I want you to sit back and think for just a minute: you have 60 seconds to teach someone how to use a gun to defend herself from an imminent attack. What useful defensive shooting fundamentals can you give her in that small amount of time?
This little exercise strips away all of the nonsense, hype, and posturing that often surrounds defensive shooting training. I makes you really focus on the most important parts of teaching someone how to defend themselves with a firearm. Why, then, when I ask other instructors to play this “what-if” game do they usually end up telling me something very different than what they actually teach their students?
What are defensive shooting fundamentals?
Over the years I’ve had many interesting conversations with other instructors. I’ve heard definitions of defensive shooting fundamentals that vary rather dramatically from mine. For instance, one fellow insisted that breath control was an absolutely critical part of defensive shooting. Another told me that his classes started with a day of dry-fire, because that was the only way new students could possibly learn fundamentals. Some have said that tactical reloads are a fundamental skill. And so it goes.
When faced with our little thought project, however, those things just sort of fall by the wayside. In that 60 seconds breath control becomes irrelevant, and as for dry-fire…well, doesn’t that seem awfully silly?
In those 60 seconds you’re going to distill the task down to simple steps: how to grasp the gun; stand in a natural way and bow forward slightly; extend both arms to bring the gun into and parallel with your line of sight while focusing on the spot you need to hit; press the trigger straight back, as many times as necessary, until the attack stops.
Yes, you can do all that in 60 seconds. You won’t, however, have time for breathing exercises or dry fire. (The Weaver/Isosceles debate?? Ain’t no one got time for that!)
“Do as I say, not as I do”
Regardless of the dogma an instructor spouts, that’s pretty close to how most of them answer the question. If that’s the case, why do so many teach their students something different? If they agree, even tacitly, that those are the distilled defensive shooting fundamentals, why aren’t they starting their students with them?

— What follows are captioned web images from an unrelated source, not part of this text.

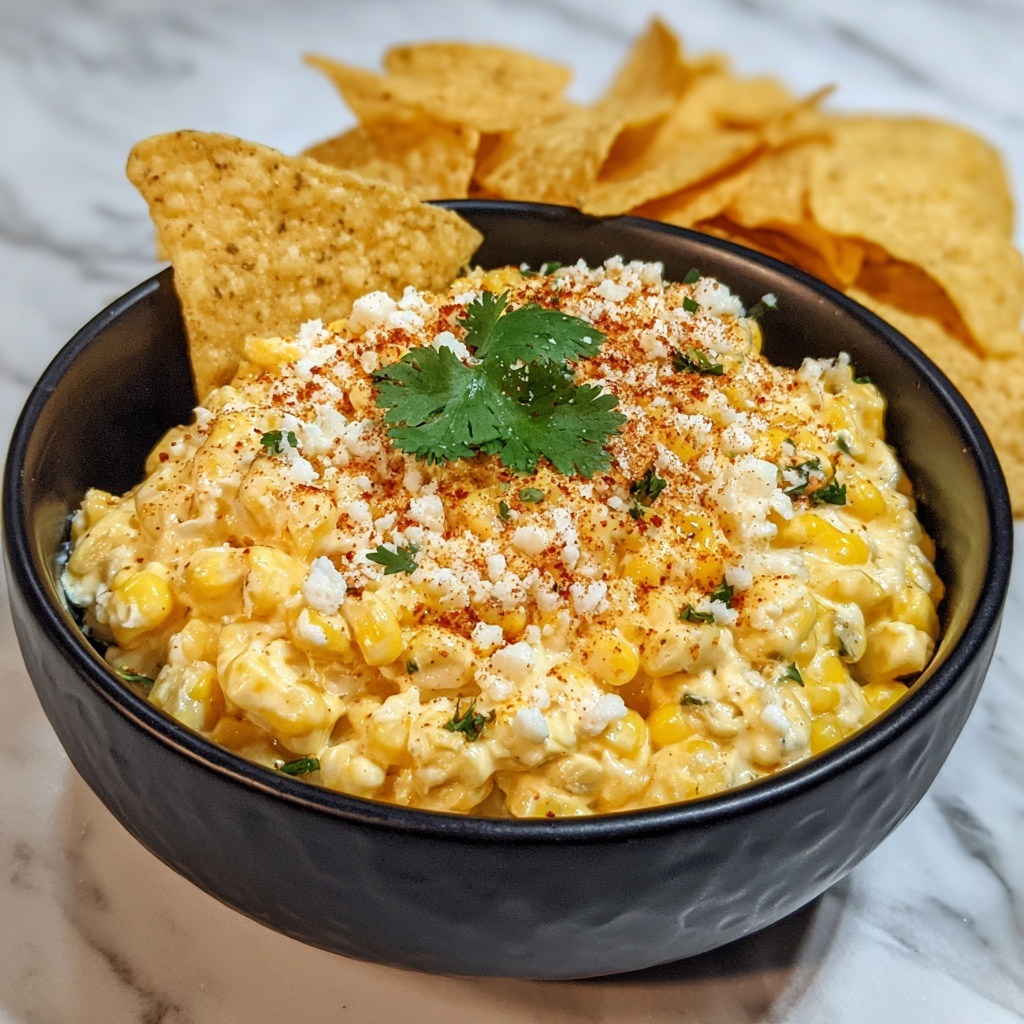 Elote Dip – Creamy Mexican Street Corn Dip Recipe - Recipe Image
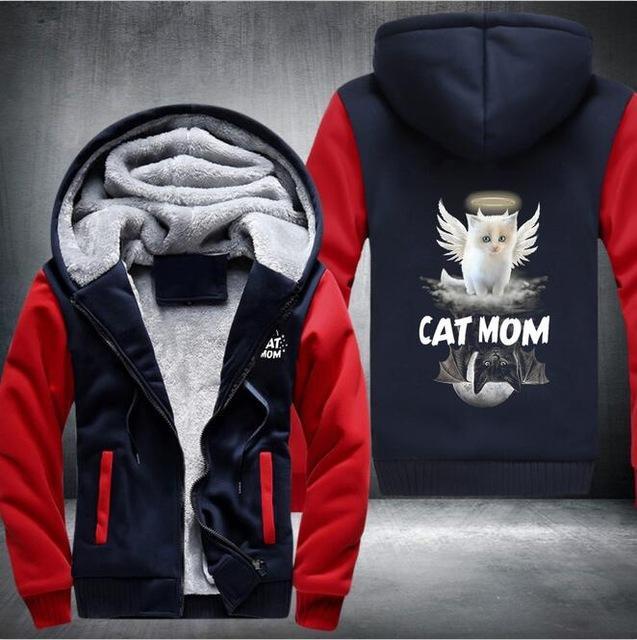 Cat Mom Wings Hoodie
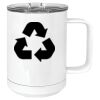 15 oz. White Vacuum Insulated Mug w/Slider Lid Thumbnail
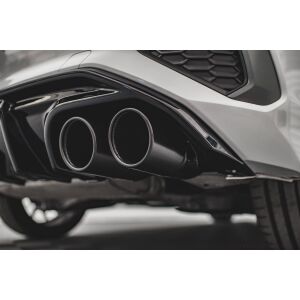 Maxton Design Heckdiffusor Ansatz für + Endschalldampfer Sportauspuff Attrappe Audi A3 S-Line Sportback 8Y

I don’t know, but I suspect tradition and peer pressure play a big part. We all want to do things the “right” way, defined as the way that a certain percentage of others do them. If everyone else is over-complicating things, we’ll feel a need to do so as well. That’s how you get to a full day of dry fire for beginning students when they really need to be focusing on hitting a target.
Efficient grasp, natural stance, target focus, extended arms, multiple shots until the threat stops. Those are the REAL fundamentals. They’re what we’d teach someone who needed to use a gun right now. That’s what’s important, what’s most useful, and everything else in defensive shooting should build on those fundamentals.

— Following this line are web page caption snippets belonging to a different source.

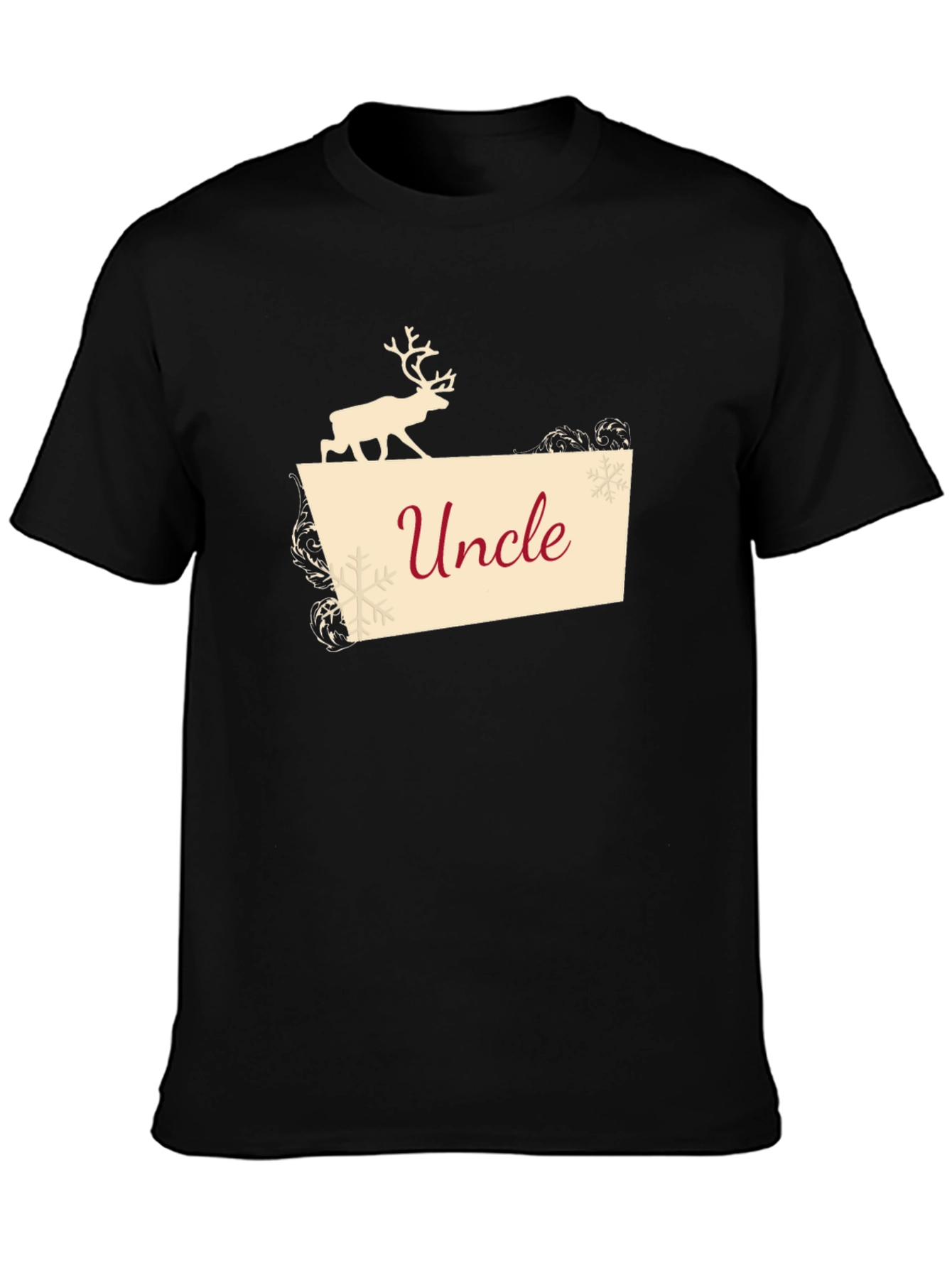 Reindeer Uncle Graphic Tee - Holiday Fun!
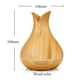 thumbnail image 2 of Humidificador humidificador de grano de madera, máquina de incienso, gran cantidad de niebla, silencioso, apagado automático, humidificador antisecado (mármol) Sailing Electrónica, 2 of 5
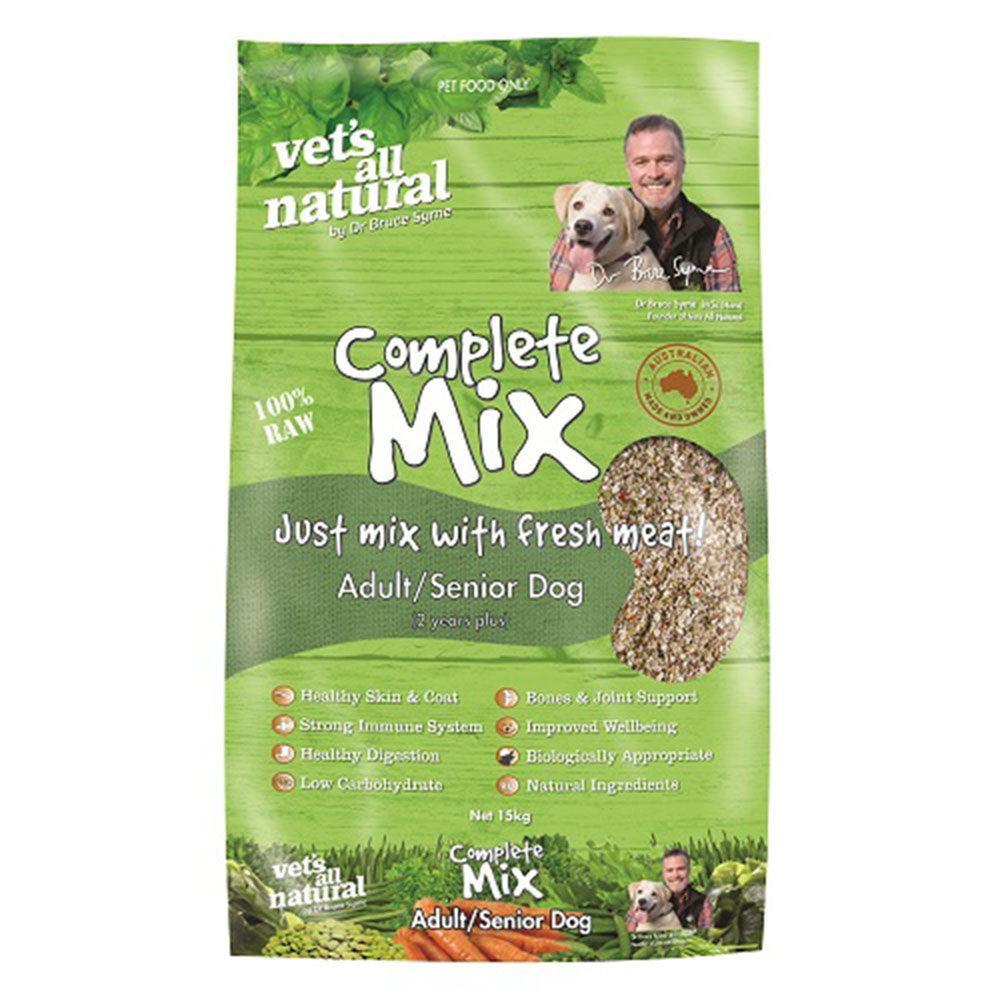 Vets All Natural Complete Mix Adult Senior 15Kg Refill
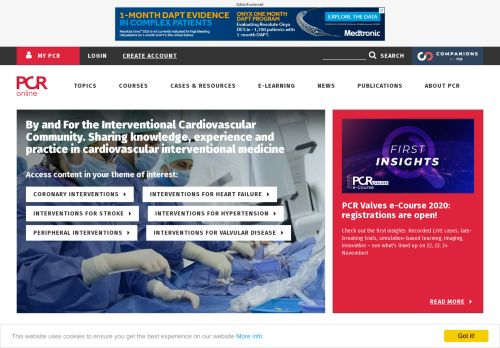 
                            2. PCRonline.com – By and For the Interventional Cardiovascular ...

Fundamentals should always be relevant
This is a very different point of view from the rest of the defensive training world, but I think it’s the logical one. We should start with those critical fundamentals then build on them to expand the range of a student’s skills. Interestingly, when you look at self defense in the private sector the shooting skills needed really aren’t all that great; it’s the decision making skills and the ability to recognize an attack in time to mount a defense that are really critical. Still, there are defensive shooting skills which go beyond these fundamentals and by all means should be taught. If they conflict with what we’d teach in a pinch, though, maybe they really aren’t all that important.

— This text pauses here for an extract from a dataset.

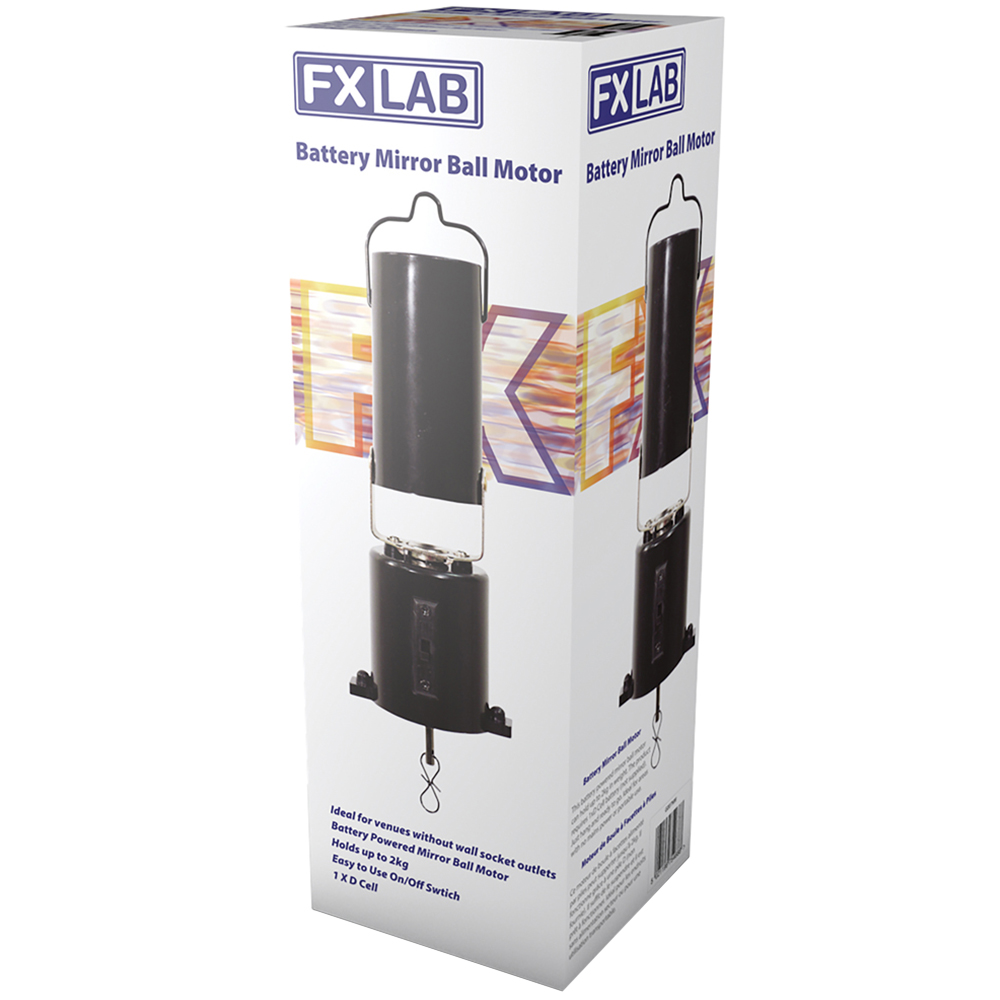 FX Lab Black Battery Mirror Ball Motor Image 3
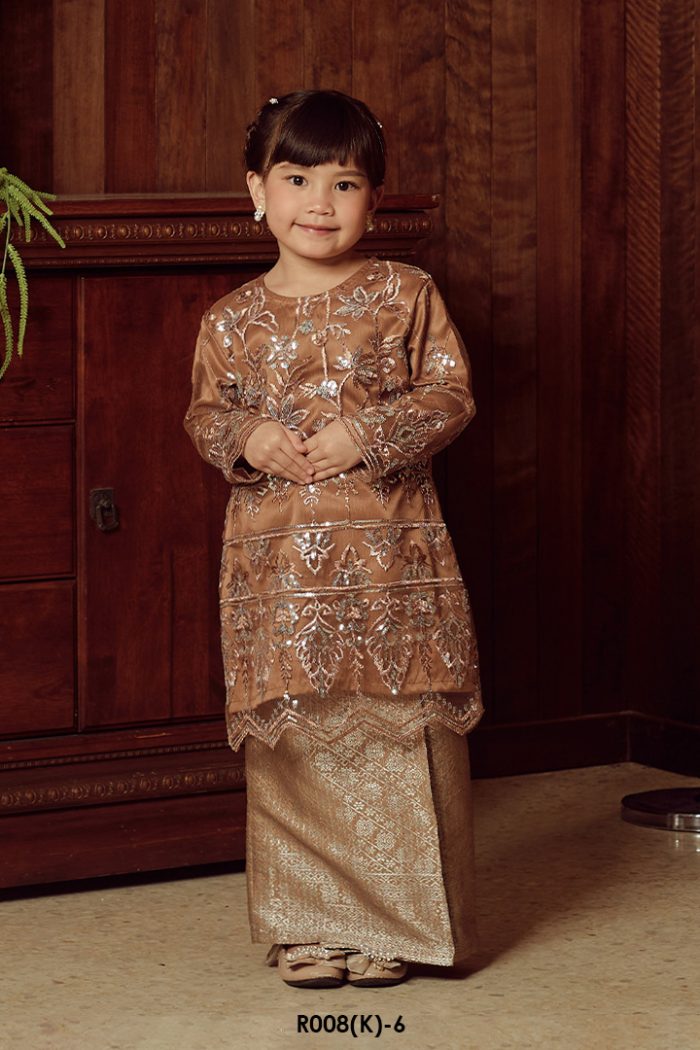 Serena Kurung in Brown (R008(K)-6)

“The Fundamentals” of defensive shooting aren’t about precision trigger or breath control; they’re about how to get rapid, multiple, accurate hits on a threat at plausible distances under plausible circumstances. Anything that leads us away from that, no matter how athletic or impressive it may be, probably doesn’t serve the student all that well.
(None of this should be construed to mean that there is no place for precision shooting skills in self defense. There are situations where they could in fact be needed. What I am saying is that the situations under which those skills are necessary are a very small percentage of incidents. Fundamentals should be about focusing on the most needed skills for the most common situations first, and only after that expanding the skills as need dictates.)
Are you really learning — or teaching — what’s important?
If you’re a student, seek out those who understand what defensive shooting fundamentals are really about. You should, from the very first hour, be learning things that will help you immediately if you’re suddenly attacked. Isn’t that why you have (or carry) that gun in the first place?
If you’re an instructor who purports to teach defensive shooting, you should be thinking about what your students are really going to need when they walk off your range for lunch on the first day. Yes, they should actually have learned real self defense skills by lunchtime on Day One. That doesn’t mean a great range of skills, but what they do learn should at least allow them to defend themselves from a common attack. Right now. It’s all about integrity.
None of that can happen from doing breathing exercises.